Believe me - I understand. This is a tremendously emotionally charged time for you, so try to take a minute to breathe and don't act rashly.
 

not2cleverRed

Obvious Observer
Am i under any legal obligation to watch kids everynight she wants to spend at her boyfriend house? Can i refuse ?
You lost me here.

So you want her and the kids out of the house? The marital home is the only thing you really care about here?

Let me put it another way: you're asking to get out of parenting your own kids. You're not interested in custody of your own kids.

Most people worry about the kids, and that's the reason they want the marital home.
 

Zigner

Senior Member, Non-Attorney
You lost me here.

So you want her and the kids out of the house? The marital home is the only thing you really care about here?

Let me put it another way: you're asking to get out of parenting your own kids. You're not interested in custody of your own kids.

Most people worry about the kids, and that's the reason they want the marital home.
That's one way to interpret it, however, I interpreted it as the man trying to think of anything he can do to break up his wife's relationship with the other guy.
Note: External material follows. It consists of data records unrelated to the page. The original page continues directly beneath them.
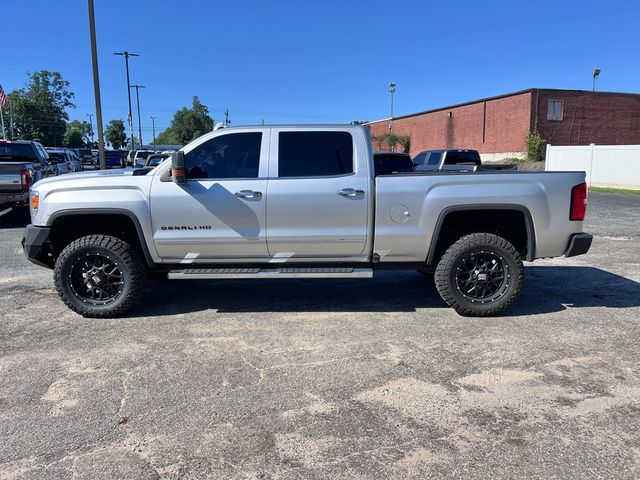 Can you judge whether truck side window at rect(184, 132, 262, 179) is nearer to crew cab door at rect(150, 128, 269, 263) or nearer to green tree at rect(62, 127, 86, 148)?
crew cab door at rect(150, 128, 269, 263)

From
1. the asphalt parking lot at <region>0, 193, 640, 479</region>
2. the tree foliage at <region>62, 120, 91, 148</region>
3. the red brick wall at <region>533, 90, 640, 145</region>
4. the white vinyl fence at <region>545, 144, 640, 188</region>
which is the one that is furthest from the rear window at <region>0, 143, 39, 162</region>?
the tree foliage at <region>62, 120, 91, 148</region>

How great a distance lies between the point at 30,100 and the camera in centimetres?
7231

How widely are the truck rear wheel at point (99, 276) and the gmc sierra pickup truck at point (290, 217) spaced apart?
1 centimetres

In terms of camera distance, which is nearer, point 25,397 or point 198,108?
point 25,397

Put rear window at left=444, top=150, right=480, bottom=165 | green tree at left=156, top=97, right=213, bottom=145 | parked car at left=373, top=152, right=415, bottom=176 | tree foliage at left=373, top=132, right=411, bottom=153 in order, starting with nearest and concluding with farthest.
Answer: parked car at left=373, top=152, right=415, bottom=176
rear window at left=444, top=150, right=480, bottom=165
tree foliage at left=373, top=132, right=411, bottom=153
green tree at left=156, top=97, right=213, bottom=145

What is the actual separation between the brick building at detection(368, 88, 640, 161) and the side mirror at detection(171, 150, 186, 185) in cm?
3616

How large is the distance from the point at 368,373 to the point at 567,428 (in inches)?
56.7

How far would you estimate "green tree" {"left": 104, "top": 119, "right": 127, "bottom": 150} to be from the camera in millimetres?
100250

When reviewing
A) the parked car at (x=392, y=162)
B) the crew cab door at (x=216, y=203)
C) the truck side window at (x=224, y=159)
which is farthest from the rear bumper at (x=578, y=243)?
the parked car at (x=392, y=162)

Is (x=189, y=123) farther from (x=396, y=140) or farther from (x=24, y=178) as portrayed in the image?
(x=24, y=178)

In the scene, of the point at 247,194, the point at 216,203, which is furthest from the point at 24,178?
the point at 247,194

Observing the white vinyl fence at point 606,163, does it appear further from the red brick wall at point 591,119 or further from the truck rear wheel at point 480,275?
the truck rear wheel at point 480,275

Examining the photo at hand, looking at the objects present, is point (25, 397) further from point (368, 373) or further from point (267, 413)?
point (368, 373)

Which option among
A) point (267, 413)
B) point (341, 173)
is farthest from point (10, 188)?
point (267, 413)
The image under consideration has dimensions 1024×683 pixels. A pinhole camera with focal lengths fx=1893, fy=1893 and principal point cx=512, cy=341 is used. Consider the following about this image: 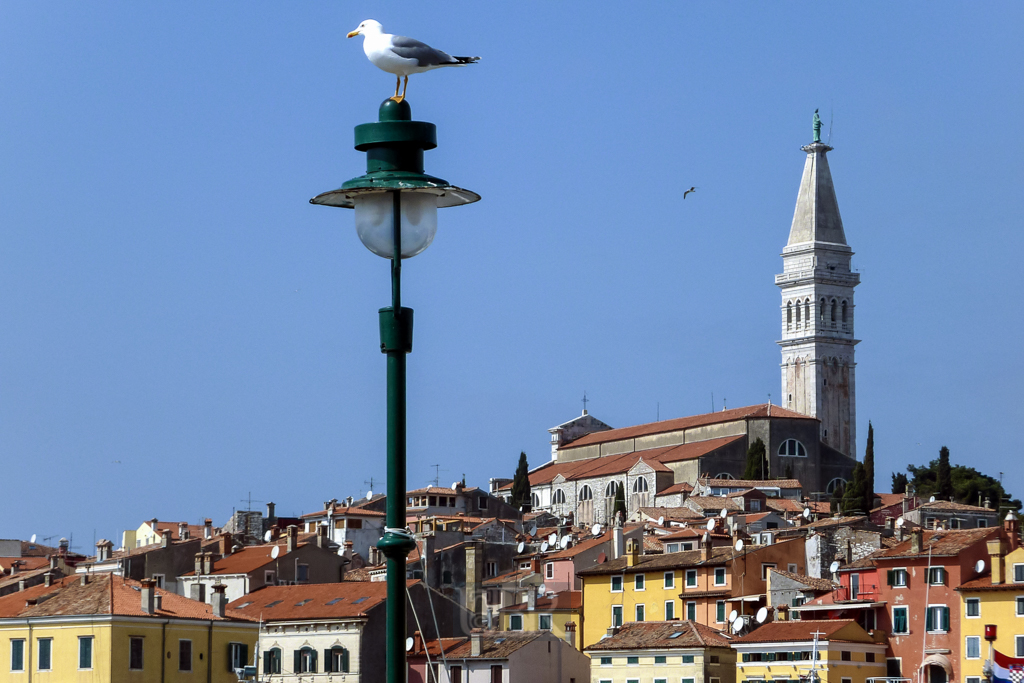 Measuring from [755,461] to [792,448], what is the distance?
426cm

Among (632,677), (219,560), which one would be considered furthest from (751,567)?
(219,560)

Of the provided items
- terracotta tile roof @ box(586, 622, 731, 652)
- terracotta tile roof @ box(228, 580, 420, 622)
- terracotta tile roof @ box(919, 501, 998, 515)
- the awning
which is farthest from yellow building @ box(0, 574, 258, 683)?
terracotta tile roof @ box(919, 501, 998, 515)

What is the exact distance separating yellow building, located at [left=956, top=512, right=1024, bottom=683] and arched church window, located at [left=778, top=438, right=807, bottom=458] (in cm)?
5518

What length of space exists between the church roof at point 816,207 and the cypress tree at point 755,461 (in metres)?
37.4

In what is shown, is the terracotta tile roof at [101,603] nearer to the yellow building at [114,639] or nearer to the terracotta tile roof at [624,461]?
the yellow building at [114,639]

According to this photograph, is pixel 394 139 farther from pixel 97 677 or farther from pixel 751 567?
pixel 751 567

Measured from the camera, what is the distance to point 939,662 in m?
47.1

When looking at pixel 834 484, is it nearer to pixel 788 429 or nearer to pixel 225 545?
pixel 788 429

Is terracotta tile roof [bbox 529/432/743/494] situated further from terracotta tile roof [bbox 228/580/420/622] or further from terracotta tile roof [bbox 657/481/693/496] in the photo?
terracotta tile roof [bbox 228/580/420/622]

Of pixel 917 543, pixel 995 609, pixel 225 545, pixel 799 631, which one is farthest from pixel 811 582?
pixel 225 545

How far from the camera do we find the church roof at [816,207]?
13550cm

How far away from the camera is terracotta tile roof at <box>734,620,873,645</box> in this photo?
47.2m

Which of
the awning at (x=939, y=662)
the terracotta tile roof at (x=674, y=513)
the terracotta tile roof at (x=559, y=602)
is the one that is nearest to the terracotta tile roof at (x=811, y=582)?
the awning at (x=939, y=662)

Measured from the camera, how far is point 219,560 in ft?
198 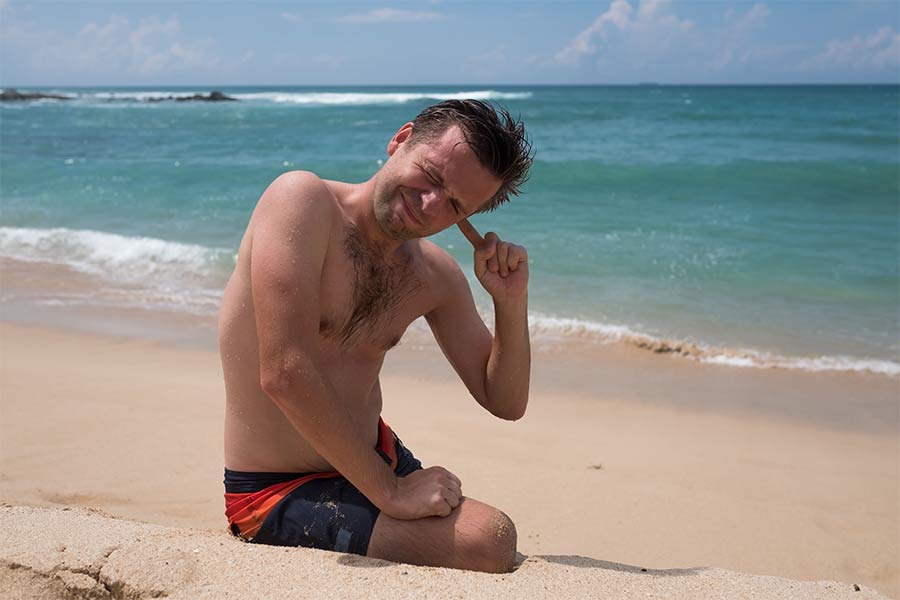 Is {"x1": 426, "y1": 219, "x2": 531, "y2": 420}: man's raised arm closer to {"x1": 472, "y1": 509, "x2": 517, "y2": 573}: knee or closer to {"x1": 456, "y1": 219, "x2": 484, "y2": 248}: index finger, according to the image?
{"x1": 456, "y1": 219, "x2": 484, "y2": 248}: index finger

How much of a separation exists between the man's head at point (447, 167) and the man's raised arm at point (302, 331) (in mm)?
213

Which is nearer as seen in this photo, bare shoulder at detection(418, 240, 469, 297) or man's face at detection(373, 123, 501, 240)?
man's face at detection(373, 123, 501, 240)

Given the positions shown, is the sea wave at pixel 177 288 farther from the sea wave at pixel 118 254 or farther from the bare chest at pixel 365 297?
the bare chest at pixel 365 297

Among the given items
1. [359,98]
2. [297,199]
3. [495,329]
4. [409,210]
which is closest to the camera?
[297,199]

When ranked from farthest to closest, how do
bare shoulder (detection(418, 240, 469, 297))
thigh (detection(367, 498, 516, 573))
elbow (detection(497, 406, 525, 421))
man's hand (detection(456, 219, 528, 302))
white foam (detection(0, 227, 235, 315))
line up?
white foam (detection(0, 227, 235, 315)) < elbow (detection(497, 406, 525, 421)) < bare shoulder (detection(418, 240, 469, 297)) < man's hand (detection(456, 219, 528, 302)) < thigh (detection(367, 498, 516, 573))

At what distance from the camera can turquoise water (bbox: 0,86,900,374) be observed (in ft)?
24.7

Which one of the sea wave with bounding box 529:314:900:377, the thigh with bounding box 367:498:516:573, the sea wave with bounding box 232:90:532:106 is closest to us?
the thigh with bounding box 367:498:516:573

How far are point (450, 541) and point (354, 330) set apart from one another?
2.23 ft

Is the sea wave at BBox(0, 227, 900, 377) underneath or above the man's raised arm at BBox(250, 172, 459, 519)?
underneath

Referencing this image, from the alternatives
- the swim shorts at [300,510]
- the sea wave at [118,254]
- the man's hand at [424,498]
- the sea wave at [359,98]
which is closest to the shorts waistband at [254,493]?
the swim shorts at [300,510]

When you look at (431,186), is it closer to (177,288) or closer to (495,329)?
(495,329)

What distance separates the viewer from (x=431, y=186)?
2436 millimetres

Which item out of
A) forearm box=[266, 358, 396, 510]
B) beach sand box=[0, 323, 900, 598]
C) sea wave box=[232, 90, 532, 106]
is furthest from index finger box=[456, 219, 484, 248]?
sea wave box=[232, 90, 532, 106]

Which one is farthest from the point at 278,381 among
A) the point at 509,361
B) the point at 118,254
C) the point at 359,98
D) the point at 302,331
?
the point at 359,98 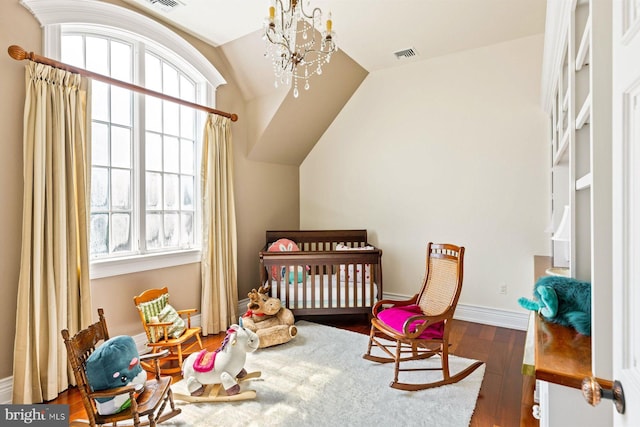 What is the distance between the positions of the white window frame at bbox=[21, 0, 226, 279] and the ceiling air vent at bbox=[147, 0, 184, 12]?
0.13 m

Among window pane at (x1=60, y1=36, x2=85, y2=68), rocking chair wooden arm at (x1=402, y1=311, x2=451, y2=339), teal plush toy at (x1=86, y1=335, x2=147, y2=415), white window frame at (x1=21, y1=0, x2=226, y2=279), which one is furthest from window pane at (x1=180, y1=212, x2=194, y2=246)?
rocking chair wooden arm at (x1=402, y1=311, x2=451, y2=339)

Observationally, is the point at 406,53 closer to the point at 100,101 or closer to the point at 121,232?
the point at 100,101

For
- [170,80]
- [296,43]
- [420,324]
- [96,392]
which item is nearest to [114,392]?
[96,392]

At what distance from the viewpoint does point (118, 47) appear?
9.13 ft

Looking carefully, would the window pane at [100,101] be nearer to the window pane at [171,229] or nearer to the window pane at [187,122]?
the window pane at [187,122]

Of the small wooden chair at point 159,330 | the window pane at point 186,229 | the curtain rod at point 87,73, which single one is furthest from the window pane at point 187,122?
the small wooden chair at point 159,330

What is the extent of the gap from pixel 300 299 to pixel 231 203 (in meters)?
1.23

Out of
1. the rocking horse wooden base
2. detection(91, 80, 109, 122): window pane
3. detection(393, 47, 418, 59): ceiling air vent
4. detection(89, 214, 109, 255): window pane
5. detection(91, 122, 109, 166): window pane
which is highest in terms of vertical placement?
detection(393, 47, 418, 59): ceiling air vent

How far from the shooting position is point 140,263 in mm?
2854

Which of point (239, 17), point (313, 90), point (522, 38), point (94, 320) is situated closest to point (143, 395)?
point (94, 320)

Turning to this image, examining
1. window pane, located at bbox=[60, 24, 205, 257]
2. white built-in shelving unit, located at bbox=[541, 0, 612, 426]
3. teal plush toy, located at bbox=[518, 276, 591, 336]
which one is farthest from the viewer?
window pane, located at bbox=[60, 24, 205, 257]

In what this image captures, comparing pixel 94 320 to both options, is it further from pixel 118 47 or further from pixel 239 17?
pixel 239 17

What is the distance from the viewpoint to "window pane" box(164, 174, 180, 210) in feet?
10.5

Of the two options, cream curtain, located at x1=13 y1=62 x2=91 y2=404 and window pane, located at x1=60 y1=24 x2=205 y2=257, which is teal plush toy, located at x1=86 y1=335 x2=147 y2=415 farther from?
window pane, located at x1=60 y1=24 x2=205 y2=257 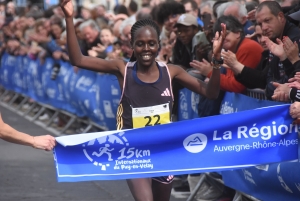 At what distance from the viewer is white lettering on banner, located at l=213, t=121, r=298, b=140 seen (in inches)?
261

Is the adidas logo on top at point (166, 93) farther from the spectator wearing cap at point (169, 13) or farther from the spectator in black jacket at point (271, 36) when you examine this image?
the spectator wearing cap at point (169, 13)

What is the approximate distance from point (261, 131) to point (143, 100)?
98 centimetres

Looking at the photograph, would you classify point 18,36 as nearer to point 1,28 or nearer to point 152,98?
point 1,28

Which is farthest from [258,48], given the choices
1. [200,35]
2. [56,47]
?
[56,47]

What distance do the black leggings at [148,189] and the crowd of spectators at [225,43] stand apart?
1.21m

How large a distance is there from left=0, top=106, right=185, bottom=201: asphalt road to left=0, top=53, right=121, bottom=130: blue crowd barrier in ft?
4.01

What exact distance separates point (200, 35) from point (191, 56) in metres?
0.43

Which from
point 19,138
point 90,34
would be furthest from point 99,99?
point 19,138

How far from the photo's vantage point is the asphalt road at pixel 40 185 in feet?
31.7

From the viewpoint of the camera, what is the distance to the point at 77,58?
665 cm

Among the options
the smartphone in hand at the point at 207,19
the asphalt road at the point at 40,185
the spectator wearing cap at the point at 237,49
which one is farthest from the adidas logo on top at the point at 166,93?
the smartphone in hand at the point at 207,19

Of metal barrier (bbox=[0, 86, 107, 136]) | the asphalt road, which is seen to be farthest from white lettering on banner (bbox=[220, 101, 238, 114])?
metal barrier (bbox=[0, 86, 107, 136])

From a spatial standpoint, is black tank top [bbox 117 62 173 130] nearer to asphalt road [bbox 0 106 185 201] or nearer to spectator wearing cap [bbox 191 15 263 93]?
spectator wearing cap [bbox 191 15 263 93]

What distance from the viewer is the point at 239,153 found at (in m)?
6.62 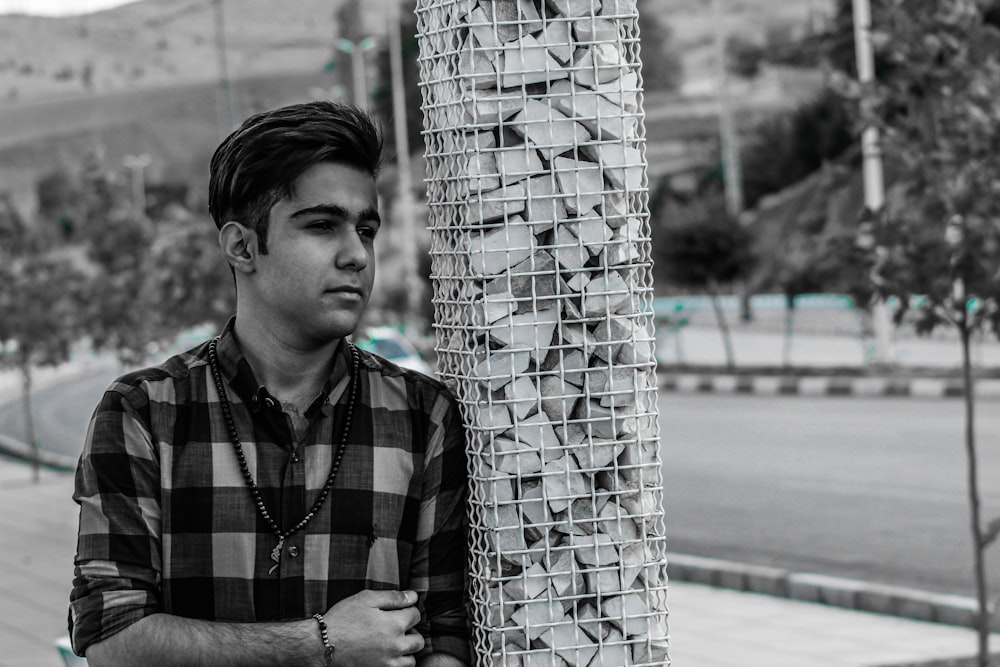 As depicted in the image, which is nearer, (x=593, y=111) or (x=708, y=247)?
(x=593, y=111)

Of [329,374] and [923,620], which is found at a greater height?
[329,374]

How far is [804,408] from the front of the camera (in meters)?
16.7

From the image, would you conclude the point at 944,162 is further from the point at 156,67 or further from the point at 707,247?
the point at 156,67

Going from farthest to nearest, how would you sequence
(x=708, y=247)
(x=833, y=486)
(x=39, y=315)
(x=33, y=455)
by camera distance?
(x=708, y=247), (x=39, y=315), (x=33, y=455), (x=833, y=486)

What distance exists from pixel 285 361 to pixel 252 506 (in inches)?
8.6

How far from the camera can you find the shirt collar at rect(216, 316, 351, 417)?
7.27ft

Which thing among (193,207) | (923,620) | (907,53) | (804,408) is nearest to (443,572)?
(907,53)

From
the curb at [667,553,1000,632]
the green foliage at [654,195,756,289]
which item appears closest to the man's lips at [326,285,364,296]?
the curb at [667,553,1000,632]

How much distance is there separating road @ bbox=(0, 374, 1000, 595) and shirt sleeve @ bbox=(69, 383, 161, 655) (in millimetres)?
6037

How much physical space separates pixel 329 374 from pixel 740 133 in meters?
61.8

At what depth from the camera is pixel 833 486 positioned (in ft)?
36.0

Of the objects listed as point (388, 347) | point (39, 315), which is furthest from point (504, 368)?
point (388, 347)

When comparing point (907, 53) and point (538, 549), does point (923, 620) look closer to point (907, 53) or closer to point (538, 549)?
point (907, 53)

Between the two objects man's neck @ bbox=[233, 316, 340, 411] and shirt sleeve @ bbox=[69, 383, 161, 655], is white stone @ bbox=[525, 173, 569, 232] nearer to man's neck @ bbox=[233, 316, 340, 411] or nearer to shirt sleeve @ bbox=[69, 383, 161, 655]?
man's neck @ bbox=[233, 316, 340, 411] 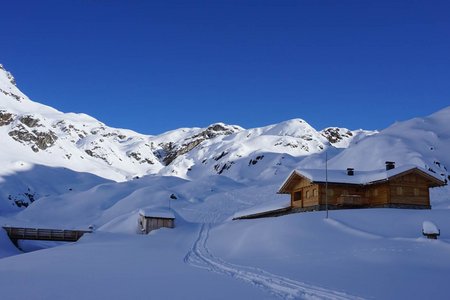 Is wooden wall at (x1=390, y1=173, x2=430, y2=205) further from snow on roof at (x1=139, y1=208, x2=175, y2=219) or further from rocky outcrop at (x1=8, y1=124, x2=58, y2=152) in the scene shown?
rocky outcrop at (x1=8, y1=124, x2=58, y2=152)

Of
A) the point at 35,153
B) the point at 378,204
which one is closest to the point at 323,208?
the point at 378,204

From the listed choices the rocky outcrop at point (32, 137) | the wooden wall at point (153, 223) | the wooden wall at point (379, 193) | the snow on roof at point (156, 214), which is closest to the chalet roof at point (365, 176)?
the wooden wall at point (379, 193)

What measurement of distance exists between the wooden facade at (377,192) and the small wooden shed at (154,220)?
14.8m

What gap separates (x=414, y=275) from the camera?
47.6 feet

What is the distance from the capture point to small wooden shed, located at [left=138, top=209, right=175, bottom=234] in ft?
154

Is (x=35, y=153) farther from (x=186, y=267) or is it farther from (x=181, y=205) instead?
(x=186, y=267)

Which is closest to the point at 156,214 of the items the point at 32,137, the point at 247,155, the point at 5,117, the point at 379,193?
the point at 379,193

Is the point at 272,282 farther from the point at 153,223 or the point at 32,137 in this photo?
the point at 32,137

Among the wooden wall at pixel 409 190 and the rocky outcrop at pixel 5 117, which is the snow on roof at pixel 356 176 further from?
the rocky outcrop at pixel 5 117

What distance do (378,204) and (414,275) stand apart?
26.0m

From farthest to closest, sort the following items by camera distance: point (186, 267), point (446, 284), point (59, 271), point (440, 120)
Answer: point (440, 120)
point (186, 267)
point (59, 271)
point (446, 284)

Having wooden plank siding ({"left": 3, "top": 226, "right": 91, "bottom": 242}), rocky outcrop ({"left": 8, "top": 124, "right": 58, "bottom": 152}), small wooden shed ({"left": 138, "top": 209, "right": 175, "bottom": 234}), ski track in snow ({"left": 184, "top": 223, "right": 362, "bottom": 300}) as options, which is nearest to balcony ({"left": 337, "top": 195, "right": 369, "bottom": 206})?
small wooden shed ({"left": 138, "top": 209, "right": 175, "bottom": 234})

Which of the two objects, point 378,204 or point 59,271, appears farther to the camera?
point 378,204

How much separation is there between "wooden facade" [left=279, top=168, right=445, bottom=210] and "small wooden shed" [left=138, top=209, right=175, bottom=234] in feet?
48.5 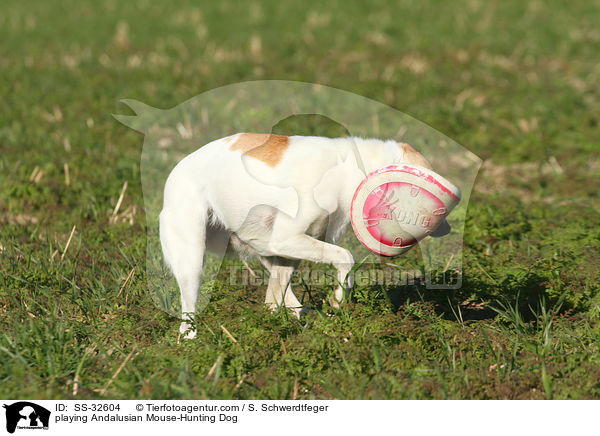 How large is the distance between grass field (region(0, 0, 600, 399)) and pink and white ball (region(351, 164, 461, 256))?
0.52m

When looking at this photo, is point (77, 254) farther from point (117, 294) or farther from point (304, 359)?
point (304, 359)

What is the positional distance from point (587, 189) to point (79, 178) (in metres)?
4.93

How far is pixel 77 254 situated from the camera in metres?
5.19

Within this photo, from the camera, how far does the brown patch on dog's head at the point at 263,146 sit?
420 centimetres

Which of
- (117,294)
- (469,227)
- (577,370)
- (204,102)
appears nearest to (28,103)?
(204,102)

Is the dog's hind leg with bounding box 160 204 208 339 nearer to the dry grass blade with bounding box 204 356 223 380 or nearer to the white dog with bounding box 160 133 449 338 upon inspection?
the white dog with bounding box 160 133 449 338

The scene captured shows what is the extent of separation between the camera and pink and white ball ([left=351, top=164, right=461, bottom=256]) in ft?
12.1

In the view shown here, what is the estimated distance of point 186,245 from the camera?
14.1 ft

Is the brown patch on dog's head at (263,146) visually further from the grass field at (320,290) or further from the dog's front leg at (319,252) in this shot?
the grass field at (320,290) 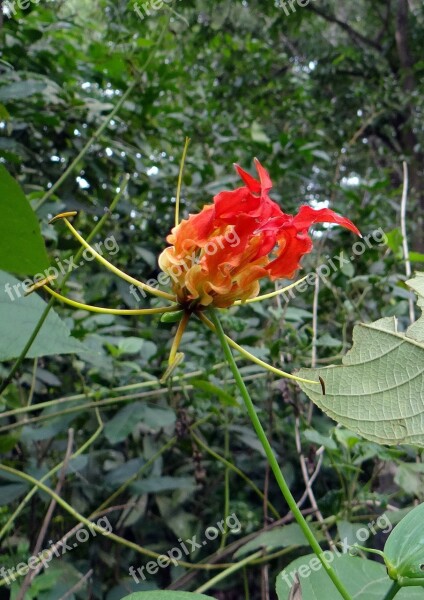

That's not going to happen.
 

not2cleverRed

Obvious Observer
That's one way to interpret it, however, I interpreted it as the man trying to think of anything he can do to break up his wife's relationship with the other guy. That's not going to happen.
Yeah, you probably have more insight in that area. And I agree, it's not going to happen. Wifey should also realize that expecting her husband to put up with her openly having an affair is emasculating.

I think Dad should document the hours he's spending as primary caretaker of the children, and realize that the children are suffering from Mom's behavior as well. *Someone* has to take care of the kids. Would he prefer it be Wifey and her par amour? Ew. Just ew.

I used to be friends with some in OP's situation in NYS. The friend chose to leave rather than sharing a bedroom, and didn't file for years because of the house issue - idiot just continued paying the mortgage while renting a room, and going over every day to take care of the kids until "wifey" got home at 1-2 AM. I say "idiot" because he did this for years.

By contrast, a relative was shocked that, after she moved out to "find herself" ;) leaving the kids behind, her ex husband got both house and kids.